Looking at Lycos Retriever Beta
Due to the overwhelming market share that it enjoys, frequently even the rumour that Google is going to introduce a new feature or product can make global news headlines. Meanwhile a lot of the search engines with smaller market share are producing some interesting new takes on search and web navigation, with barely a fanfare. One such product is Lycos Retriever - which they claim is "the Web's first information fusion engine".
The product is an attempt to build a directory where each page contains not just links about a specific topic, but also displays in-depth information about that topic.
Retriever Topic pages include meaty extracts from high-quality Web pages which give you basic information and let you know where to go for more. Each Topic page focuses not on a word, but an idea. It also gives you helpful links to pages that tell you more about specific aspects of the basic idea.
Retriever evaluates both the quality and the freshness of the information it's reporting. What it returns to the user is a briefing book, with perspectives from all over the Web, not a dry encyclopedia article or one person's opinion on a subject.
Lycos go on to claim that the system is fully automated, and builds the directory based on the most popular queries. Once given a query to examine, the system uses natural language processing to select the best pages about the topic from the web, and then selects the most relevant paragraphs from those pages to build the extracts it displays.

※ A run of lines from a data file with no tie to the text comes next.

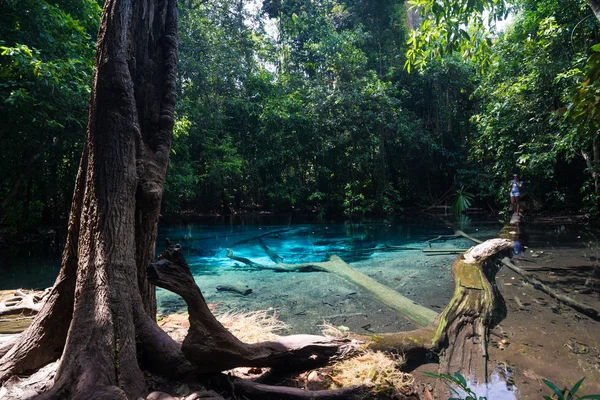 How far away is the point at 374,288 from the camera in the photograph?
5156mm

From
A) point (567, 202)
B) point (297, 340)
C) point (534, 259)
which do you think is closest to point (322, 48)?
point (567, 202)

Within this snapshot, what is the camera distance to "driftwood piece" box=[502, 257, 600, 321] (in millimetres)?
3942

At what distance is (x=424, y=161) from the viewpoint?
1822cm

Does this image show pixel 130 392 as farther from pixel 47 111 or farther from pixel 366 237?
pixel 366 237

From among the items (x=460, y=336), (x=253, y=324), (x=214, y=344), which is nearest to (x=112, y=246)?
(x=214, y=344)

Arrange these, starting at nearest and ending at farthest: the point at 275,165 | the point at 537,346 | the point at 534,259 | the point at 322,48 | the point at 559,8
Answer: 1. the point at 537,346
2. the point at 534,259
3. the point at 559,8
4. the point at 322,48
5. the point at 275,165

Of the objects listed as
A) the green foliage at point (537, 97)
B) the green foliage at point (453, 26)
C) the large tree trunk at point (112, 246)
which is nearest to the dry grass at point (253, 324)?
the large tree trunk at point (112, 246)

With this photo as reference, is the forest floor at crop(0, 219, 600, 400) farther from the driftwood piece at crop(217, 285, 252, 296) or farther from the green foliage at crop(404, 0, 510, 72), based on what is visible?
the green foliage at crop(404, 0, 510, 72)

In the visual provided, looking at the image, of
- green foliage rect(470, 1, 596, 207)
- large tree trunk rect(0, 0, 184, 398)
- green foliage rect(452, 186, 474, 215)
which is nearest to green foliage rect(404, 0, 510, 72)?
large tree trunk rect(0, 0, 184, 398)

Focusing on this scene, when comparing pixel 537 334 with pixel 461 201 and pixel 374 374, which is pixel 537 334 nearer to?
pixel 374 374

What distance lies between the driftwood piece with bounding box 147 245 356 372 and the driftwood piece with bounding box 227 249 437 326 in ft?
6.21

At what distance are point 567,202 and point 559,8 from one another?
24.0ft

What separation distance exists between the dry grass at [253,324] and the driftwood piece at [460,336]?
0.99 meters

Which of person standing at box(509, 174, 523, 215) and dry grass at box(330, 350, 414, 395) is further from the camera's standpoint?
person standing at box(509, 174, 523, 215) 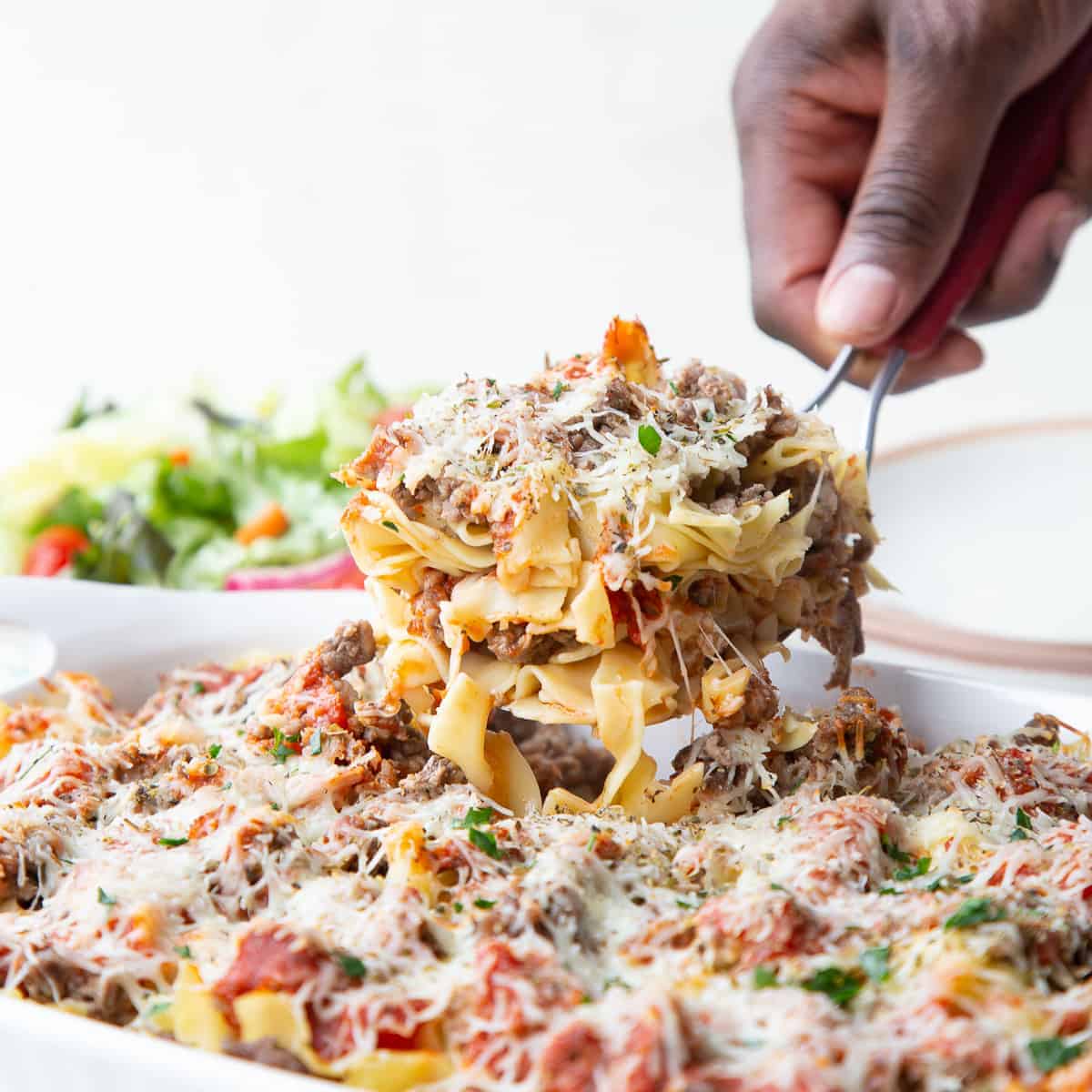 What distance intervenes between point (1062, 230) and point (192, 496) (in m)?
3.74

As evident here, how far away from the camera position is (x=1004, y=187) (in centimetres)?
406

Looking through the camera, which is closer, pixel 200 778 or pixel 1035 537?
pixel 200 778

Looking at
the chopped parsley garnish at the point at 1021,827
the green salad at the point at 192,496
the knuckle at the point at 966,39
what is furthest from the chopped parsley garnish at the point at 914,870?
the green salad at the point at 192,496

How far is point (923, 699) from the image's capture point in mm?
3266

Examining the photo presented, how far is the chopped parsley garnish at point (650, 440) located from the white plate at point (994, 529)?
1770 mm

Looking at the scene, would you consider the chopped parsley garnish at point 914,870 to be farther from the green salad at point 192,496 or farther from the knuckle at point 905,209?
the green salad at point 192,496

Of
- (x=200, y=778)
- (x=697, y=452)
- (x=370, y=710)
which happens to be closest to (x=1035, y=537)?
(x=697, y=452)

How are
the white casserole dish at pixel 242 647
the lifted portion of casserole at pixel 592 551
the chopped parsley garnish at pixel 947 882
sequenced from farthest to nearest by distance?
the white casserole dish at pixel 242 647
the lifted portion of casserole at pixel 592 551
the chopped parsley garnish at pixel 947 882

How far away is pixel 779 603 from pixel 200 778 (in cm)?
Answer: 126

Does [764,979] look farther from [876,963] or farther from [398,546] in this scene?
[398,546]

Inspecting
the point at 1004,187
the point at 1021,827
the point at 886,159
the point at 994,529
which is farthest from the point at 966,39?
the point at 1021,827

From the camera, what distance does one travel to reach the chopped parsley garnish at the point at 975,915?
1996mm

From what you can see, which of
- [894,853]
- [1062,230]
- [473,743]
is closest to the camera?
[894,853]

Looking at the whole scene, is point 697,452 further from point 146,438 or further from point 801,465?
point 146,438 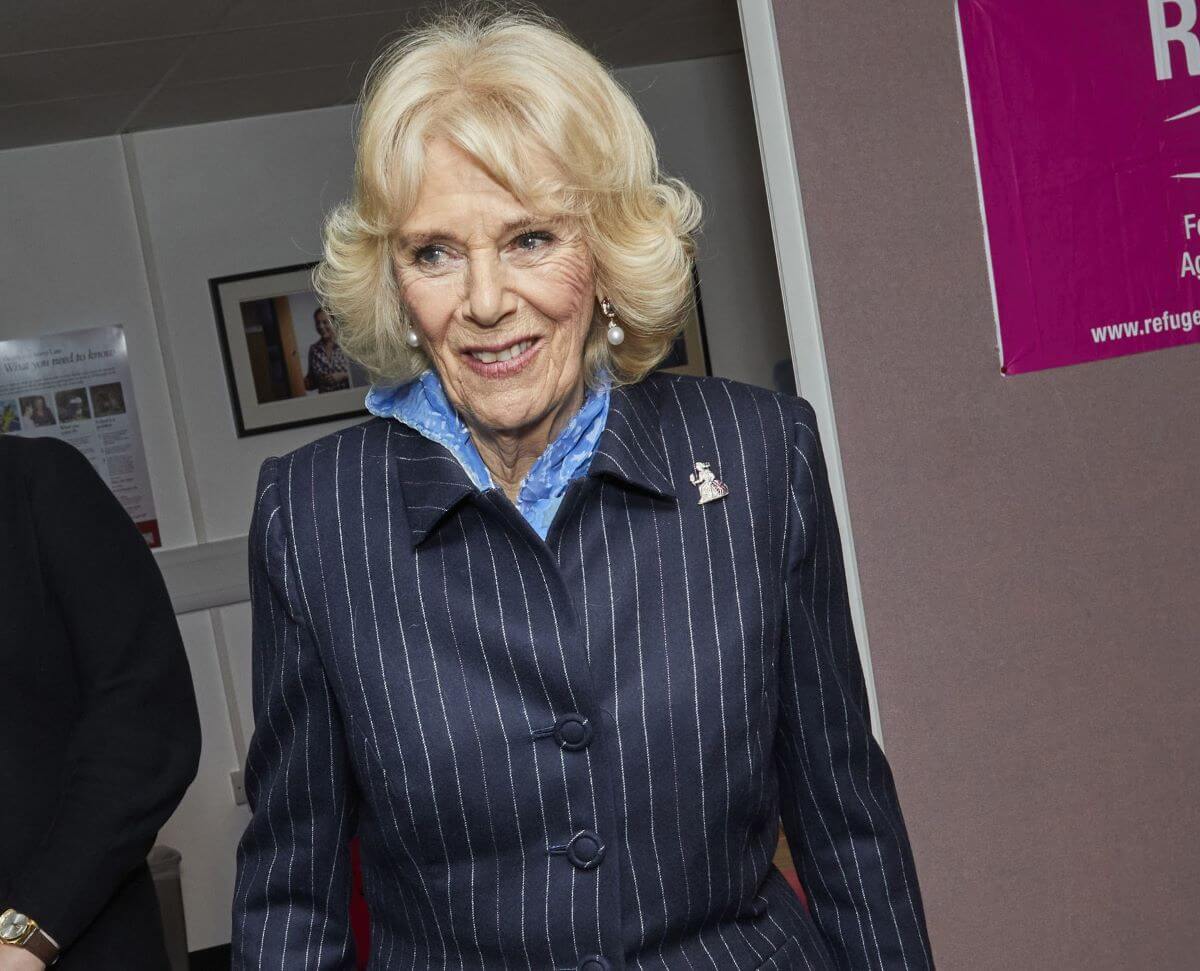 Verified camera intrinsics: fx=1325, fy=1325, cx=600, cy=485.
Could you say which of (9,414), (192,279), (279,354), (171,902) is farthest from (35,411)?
(171,902)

The site isn't fully Web 2.0 buzzword compliant despite having a 'beta' label and a claim of wisdom-of-crowds-meets-AI about it. There is no tagging or way for users to reclassify or save the information for a start, although the pages do include two ways to submit feedback. Each excerpt can be voted 'helpful' or 'not helpful'. Lycos explain that:
Of course, like any automatic process, it's not perfect. Sometimes the paragraphs we choose will be off-topic or inappropriate, which is why we give you the ability to tell us how you like them.
The voting mechanism is anonymous, and done with JavaScript so it does not force a reload of the whole page. There is also a box to submit suggestions for other topics that Lycos Retriever should cover.
I found the topics covered to be quite shallow at the moment, and was surprised for example that there is a sub-topic "Tour de France" under "Kraftwerk", but no coverage of the epic "Tour de France" cycle race itself. Equally I was surprised that a subsequent search on Retriever for "Tour de France" didn't uncover the "Kraftwerk: Tour de France" page I'd already seen.
I was also a little confused as to the way their automatic taxonomy is being built and the consequent distinction between a category and a topic. For example why are Blue, Cobol, Com and Delphi all listed as both categories and topics under 'programming'? And, come to that, why is Ryder Cup golf captain Bernhard Langer the most recently updated topic under programming at all?
Despite the failings so far, it looks like an interesting move into the market for finding a way to use machines to scale-up the ability to build an accurate and dynamic directory of the web, in a way that DMOZ and Yahoo! never managed. However, not everybody is happy with the concept, and tomorrow I will be looking at some of the objections being made to the way Lycos is running the Lycos Retriever product.